Input for this task
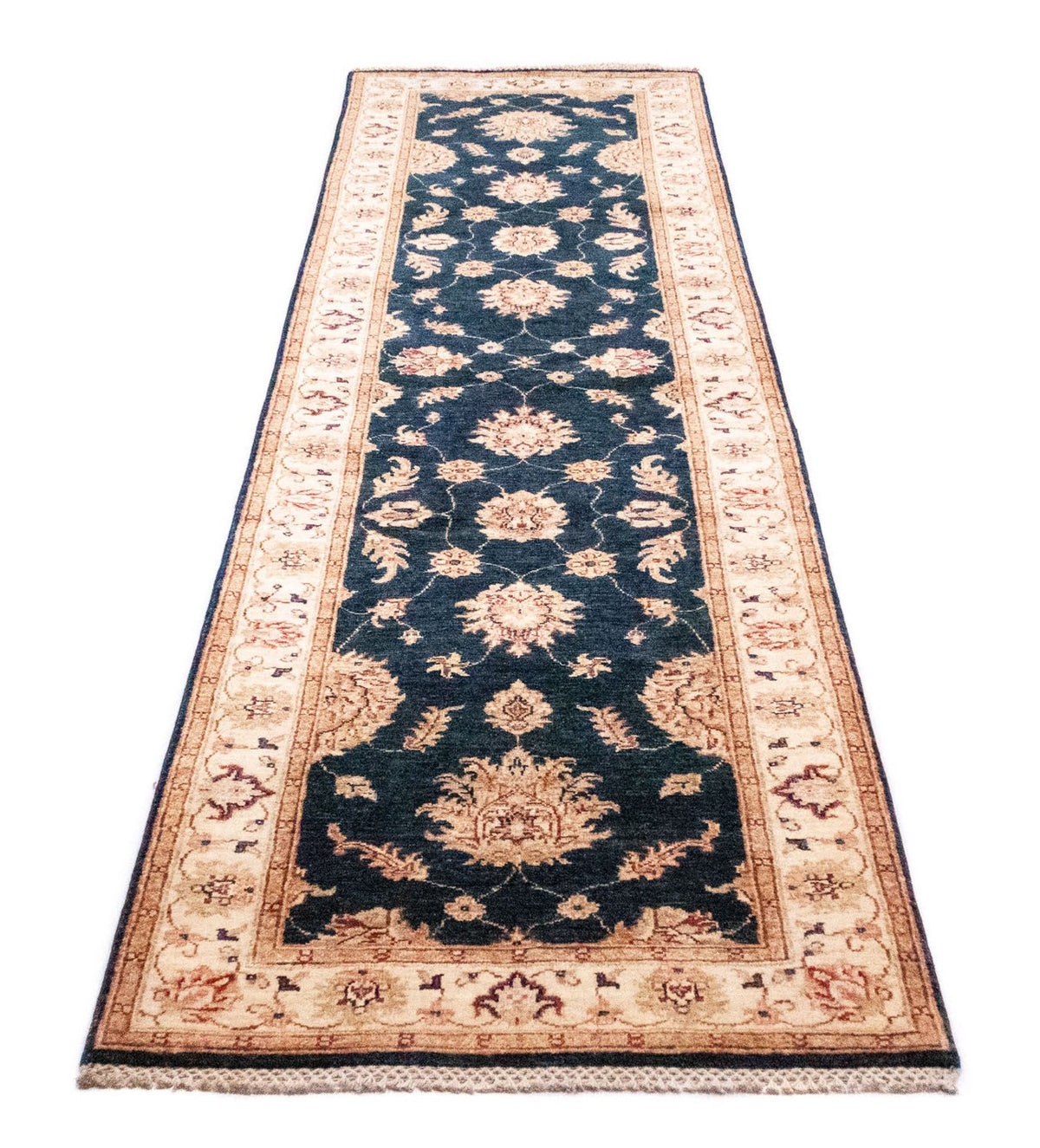 Runner Ziegler Carpet - 298 x 81 cm - blå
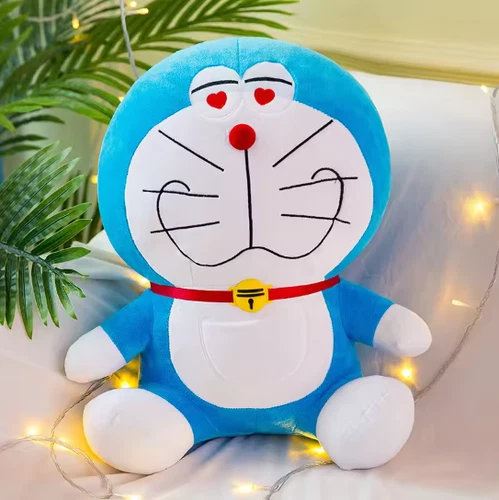 Anime Doraemon Kawaii Stuffed Plush Toy Soft Animal Plush Doll Anime Figures - Picture 2 of 6
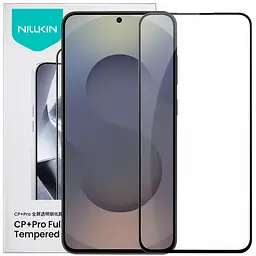 Захисне скло (CP+PRO) для Samsung Galaxy S25 FE Чорний Nillkin teh0030424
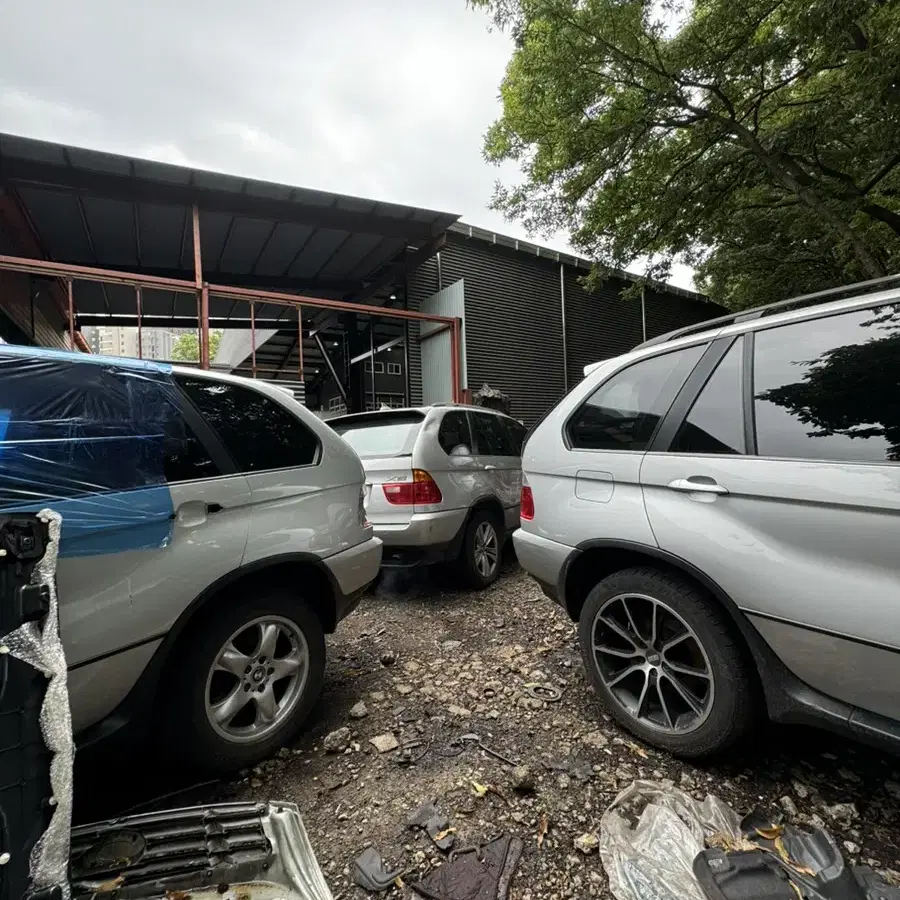 BMW X5 E53 중고부품 판매합니다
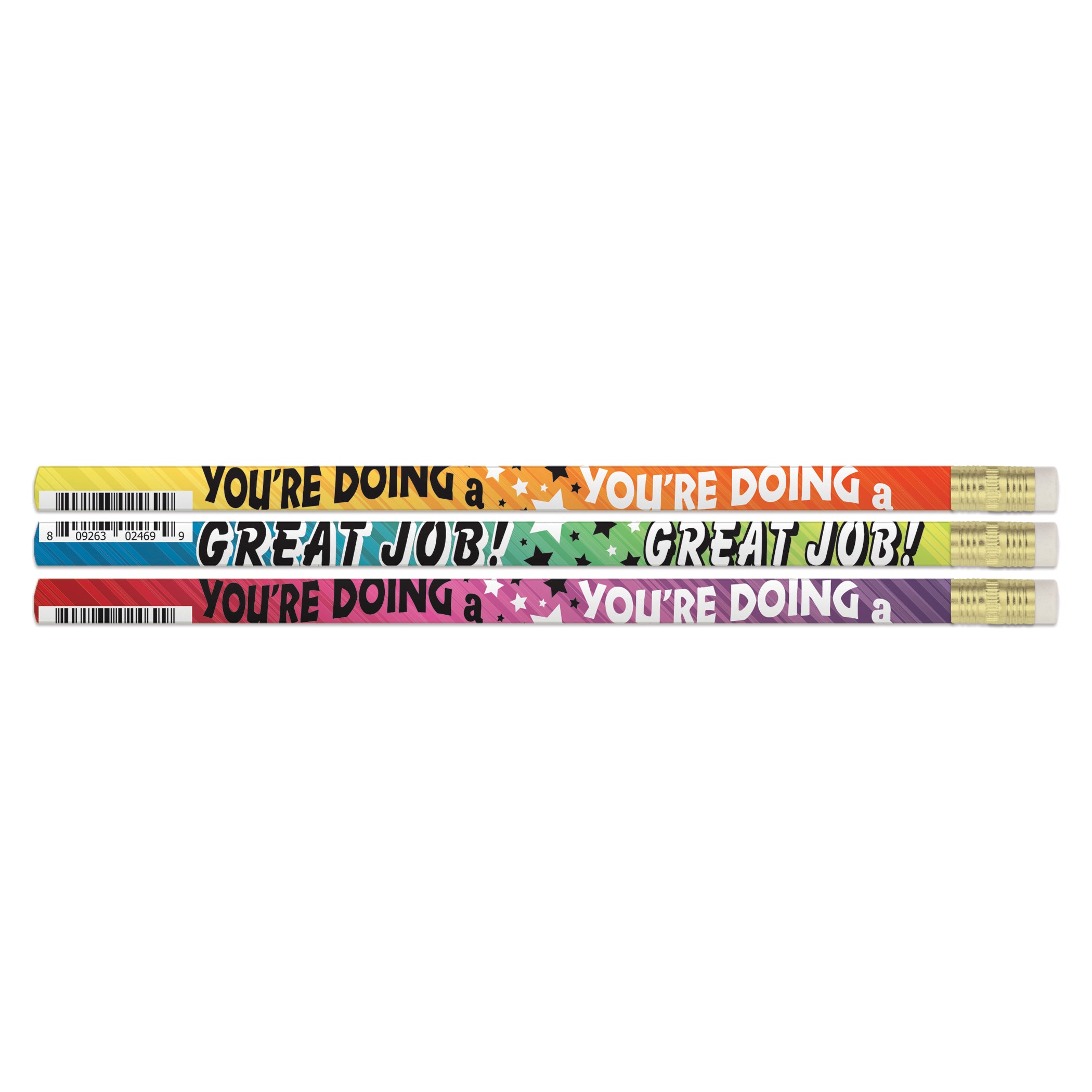 You're Doing A Great Job Motivational Pencils, Pack of 144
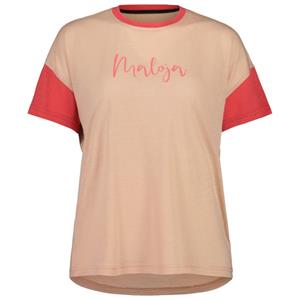 Maloja - Women's HongarM. Puzzle 1 - Merinoshirt, bloom
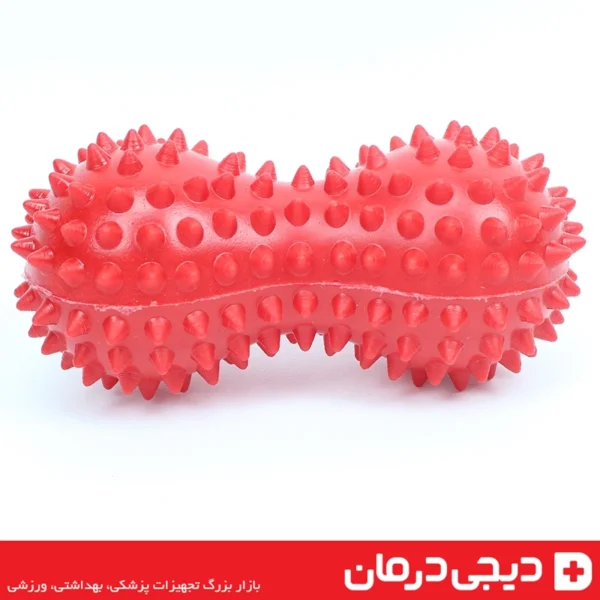 خرید توپ ماساژ دوقلو خاردار ماساژ پا کمر دست گردن قیمت ارزان دیجی درمان فروش اینترنتی ایران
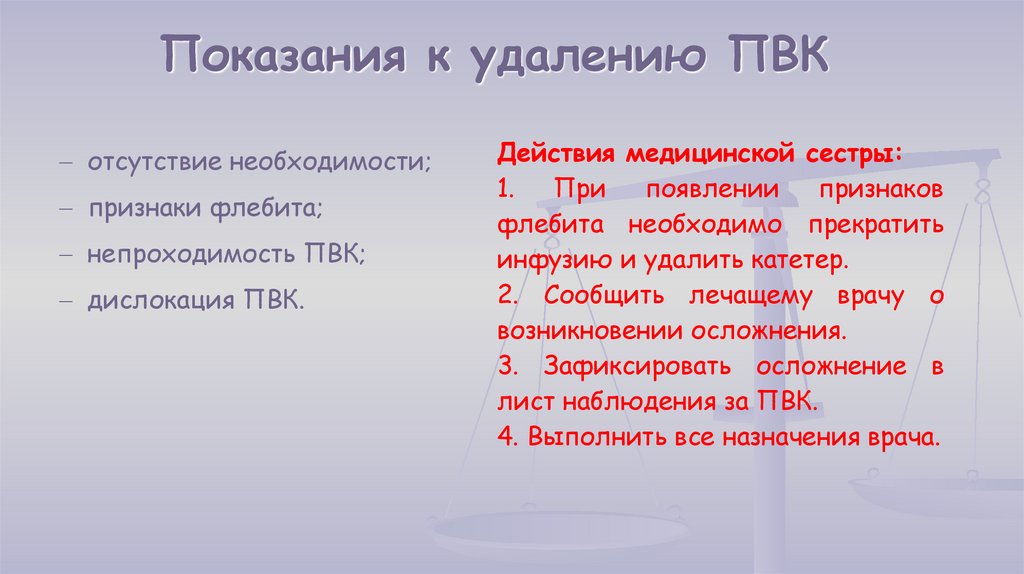 Причины удалить. Показания для постановки ПВК. Показанием к удаление ПВК. Удаление ПВК может проводить. Противопоказания для установки ПВК.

Goal of the exercise
The answer is the records above, repeated exactly, with no picture in it.

Response
 Runner Ziegler Carpet - 298 x 81 cm - blå
 Anime Doraemon Kawaii Stuffed Plush Toy Soft Animal Plush Doll Anime Figures - Picture 2 of 6
 Захисне скло (CP+PRO) для Samsung Galaxy S25 FE Чорний Nillkin teh0030424
 BMW X5 E53 중고부품 판매합니다
 You're Doing A Great Job Motivational Pencils, Pack of 144
 Maloja - Women's HongarM. Puzzle 1 - Merinoshirt, bloom
 خرید توپ ماساژ دوقلو خاردار ماساژ پا کمر دست گردن قیمت ارزان دیجی درمان فروش اینترنتی ایران
 Причины удалить. Показания для постановки ПВК. Показанием к удаление ПВК. Удаление ПВК может проводить. Противопоказания для установки ПВК.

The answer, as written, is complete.